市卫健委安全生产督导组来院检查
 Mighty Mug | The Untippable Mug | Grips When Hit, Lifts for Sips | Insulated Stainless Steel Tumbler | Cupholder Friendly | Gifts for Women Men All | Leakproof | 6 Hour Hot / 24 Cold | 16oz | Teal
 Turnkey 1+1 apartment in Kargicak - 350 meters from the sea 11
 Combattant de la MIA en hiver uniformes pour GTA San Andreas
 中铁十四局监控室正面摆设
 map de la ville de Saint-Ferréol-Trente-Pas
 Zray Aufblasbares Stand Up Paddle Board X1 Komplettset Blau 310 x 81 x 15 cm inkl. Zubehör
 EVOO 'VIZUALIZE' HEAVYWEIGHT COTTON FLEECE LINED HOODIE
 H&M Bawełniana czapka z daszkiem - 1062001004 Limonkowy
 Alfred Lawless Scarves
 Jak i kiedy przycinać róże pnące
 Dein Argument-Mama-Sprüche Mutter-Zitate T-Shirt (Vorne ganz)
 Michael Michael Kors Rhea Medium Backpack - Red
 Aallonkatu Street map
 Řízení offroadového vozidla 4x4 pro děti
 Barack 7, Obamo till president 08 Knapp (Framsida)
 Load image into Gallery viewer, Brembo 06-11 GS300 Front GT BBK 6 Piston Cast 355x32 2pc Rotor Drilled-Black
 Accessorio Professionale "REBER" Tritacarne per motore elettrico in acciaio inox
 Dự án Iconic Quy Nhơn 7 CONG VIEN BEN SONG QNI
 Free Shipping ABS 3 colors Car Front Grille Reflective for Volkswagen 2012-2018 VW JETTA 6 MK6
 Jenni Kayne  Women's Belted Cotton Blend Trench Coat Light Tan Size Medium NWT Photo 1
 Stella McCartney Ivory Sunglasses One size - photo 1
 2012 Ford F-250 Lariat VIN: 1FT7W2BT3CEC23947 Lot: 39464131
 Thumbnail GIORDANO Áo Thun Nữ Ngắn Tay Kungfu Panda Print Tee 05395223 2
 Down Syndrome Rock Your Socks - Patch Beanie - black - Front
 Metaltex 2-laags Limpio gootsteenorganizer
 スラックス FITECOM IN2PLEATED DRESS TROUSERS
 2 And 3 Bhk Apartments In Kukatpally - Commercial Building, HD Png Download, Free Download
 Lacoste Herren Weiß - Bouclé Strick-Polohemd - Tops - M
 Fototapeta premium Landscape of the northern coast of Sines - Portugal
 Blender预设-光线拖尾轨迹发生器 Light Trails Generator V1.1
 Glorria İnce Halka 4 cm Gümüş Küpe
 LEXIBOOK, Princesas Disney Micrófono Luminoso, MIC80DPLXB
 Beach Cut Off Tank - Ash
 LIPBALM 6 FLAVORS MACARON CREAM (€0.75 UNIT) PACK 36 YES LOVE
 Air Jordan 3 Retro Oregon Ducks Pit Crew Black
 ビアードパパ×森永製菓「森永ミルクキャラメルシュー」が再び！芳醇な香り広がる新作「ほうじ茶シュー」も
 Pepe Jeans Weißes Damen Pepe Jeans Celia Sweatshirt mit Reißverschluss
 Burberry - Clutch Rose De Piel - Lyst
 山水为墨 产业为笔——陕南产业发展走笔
-- -- --
#### [EXERCISE PROMPT]
Restate the data verbatim through the "Jak i kiedy przycinać róże pnące" line.

#### [RESULT FOR THIS EXERCISE]
市卫健委安全生产督导组来院检查
 Mighty Mug | The Untippable Mug | Grips When Hit, Lifts for Sips | Insulated Stainless Steel Tumbler | Cupholder Friendly | Gifts for Women Men All | Leakproof | 6 Hour Hot / 24 Cold | 16oz | Teal
 Turnkey 1+1 apartment in Kargicak - 350 meters from the sea 11
 Combattant de la MIA en hiver uniformes pour GTA San Andreas
 中铁十四局监控室正面摆设
 map de la ville de Saint-Ferréol-Trente-Pas
 Zray Aufblasbares Stand Up Paddle Board X1 Komplettset Blau 310 x 81 x 15 cm inkl. Zubehör
 EVOO 'VIZUALIZE' HEAVYWEIGHT COTTON FLEECE LINED HOODIE
 H&M Bawełniana czapka z daszkiem - 1062001004 Limonkowy
 Alfred Lawless Scarves
 Jak i kiedy przycinać róże pnące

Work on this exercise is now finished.